• Provided records:
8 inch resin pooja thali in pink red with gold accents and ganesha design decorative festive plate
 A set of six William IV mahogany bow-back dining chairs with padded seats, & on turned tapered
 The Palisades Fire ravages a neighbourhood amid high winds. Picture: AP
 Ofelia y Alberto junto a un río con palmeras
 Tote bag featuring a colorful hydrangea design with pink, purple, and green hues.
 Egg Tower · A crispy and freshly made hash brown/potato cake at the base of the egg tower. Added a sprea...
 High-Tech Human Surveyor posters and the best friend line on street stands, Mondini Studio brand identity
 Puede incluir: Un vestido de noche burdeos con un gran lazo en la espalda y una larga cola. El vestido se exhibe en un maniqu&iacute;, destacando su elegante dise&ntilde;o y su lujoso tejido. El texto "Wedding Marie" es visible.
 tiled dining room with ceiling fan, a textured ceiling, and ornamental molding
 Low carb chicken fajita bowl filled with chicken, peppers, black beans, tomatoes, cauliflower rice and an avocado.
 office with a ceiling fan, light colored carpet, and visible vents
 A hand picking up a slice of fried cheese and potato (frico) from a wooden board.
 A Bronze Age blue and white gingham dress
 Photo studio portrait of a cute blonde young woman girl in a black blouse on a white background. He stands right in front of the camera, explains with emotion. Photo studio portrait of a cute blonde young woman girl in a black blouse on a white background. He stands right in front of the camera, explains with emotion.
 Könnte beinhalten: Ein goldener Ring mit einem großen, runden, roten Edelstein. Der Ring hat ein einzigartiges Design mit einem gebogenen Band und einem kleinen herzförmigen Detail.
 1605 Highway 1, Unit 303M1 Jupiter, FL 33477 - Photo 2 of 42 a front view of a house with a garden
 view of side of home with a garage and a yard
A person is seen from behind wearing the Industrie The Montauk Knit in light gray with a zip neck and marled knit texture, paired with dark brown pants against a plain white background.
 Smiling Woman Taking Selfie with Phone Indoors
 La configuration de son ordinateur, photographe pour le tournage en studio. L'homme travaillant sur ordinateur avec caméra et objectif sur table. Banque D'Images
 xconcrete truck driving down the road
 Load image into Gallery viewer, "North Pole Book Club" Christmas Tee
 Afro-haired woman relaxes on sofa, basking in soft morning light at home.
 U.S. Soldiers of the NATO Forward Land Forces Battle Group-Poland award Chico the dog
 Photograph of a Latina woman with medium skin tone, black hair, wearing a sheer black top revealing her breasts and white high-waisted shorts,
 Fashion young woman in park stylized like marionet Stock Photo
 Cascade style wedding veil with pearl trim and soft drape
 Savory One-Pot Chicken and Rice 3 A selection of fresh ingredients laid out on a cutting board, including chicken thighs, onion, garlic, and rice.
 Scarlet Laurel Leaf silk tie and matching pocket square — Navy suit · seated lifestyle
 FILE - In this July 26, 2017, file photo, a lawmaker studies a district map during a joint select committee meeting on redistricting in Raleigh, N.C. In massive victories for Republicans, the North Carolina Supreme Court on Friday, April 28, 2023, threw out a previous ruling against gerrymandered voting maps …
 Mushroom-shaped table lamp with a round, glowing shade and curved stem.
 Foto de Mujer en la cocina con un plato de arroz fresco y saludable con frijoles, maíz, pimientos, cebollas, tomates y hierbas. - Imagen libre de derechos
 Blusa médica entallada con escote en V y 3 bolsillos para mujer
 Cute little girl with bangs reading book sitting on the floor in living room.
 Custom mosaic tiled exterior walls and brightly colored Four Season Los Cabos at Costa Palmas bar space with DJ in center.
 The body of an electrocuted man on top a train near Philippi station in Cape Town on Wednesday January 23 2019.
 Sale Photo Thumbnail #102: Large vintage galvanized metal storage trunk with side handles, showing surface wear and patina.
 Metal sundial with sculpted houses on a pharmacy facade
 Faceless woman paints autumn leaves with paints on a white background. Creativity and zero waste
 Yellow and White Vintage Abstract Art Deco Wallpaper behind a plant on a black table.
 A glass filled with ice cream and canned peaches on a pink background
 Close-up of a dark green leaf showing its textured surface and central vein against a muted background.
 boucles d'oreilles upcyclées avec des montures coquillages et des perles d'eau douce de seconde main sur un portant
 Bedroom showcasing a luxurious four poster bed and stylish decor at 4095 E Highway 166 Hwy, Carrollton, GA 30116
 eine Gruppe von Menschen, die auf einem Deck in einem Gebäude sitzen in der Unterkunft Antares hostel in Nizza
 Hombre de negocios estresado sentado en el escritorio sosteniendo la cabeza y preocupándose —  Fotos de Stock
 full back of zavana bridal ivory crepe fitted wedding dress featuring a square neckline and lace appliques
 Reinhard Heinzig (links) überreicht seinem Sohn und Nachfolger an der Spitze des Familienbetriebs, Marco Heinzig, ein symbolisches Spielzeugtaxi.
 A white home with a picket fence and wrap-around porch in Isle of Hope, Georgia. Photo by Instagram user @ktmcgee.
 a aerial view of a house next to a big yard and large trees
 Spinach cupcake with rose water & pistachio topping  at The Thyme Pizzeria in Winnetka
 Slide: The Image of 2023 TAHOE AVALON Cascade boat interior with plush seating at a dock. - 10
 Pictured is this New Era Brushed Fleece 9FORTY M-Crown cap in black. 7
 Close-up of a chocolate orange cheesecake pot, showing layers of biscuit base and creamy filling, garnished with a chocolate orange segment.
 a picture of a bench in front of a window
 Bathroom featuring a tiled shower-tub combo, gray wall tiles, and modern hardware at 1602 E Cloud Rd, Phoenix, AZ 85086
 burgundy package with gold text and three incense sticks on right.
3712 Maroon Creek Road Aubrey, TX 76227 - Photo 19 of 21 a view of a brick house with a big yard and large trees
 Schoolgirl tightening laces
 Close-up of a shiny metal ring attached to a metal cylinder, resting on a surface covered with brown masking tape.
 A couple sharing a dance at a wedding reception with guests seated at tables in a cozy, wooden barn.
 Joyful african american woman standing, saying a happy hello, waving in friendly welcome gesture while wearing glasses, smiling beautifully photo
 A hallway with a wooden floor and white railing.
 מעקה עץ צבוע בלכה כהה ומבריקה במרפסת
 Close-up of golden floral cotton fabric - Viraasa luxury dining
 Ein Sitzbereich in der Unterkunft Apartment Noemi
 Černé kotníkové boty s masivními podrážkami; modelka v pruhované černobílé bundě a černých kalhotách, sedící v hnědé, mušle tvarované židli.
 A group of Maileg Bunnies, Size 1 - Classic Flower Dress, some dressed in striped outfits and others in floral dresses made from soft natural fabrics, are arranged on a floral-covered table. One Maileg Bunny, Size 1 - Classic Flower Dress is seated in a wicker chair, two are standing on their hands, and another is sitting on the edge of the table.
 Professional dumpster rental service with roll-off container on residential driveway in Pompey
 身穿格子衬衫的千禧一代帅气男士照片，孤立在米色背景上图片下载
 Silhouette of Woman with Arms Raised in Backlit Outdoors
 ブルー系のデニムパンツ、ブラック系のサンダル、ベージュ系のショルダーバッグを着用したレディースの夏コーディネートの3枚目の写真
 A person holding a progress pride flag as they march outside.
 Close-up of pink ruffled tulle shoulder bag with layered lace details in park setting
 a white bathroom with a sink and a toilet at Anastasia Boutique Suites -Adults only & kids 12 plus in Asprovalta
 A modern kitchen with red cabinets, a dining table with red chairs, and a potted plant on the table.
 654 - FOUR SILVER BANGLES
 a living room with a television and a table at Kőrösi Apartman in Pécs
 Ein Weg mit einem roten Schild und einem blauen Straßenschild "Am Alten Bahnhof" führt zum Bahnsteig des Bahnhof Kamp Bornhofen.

• Your task: Working through the records, find each line containing the word "home" and copy it.

• Completed task:
 view of side of home with a garage and a yard
 Afro-haired woman relaxes on sofa, basking in soft morning light at home.
 A white home with a picket fence and wrap-around porch in Isle of Hope, Georgia. Photo by Instagram user @ktmcgee.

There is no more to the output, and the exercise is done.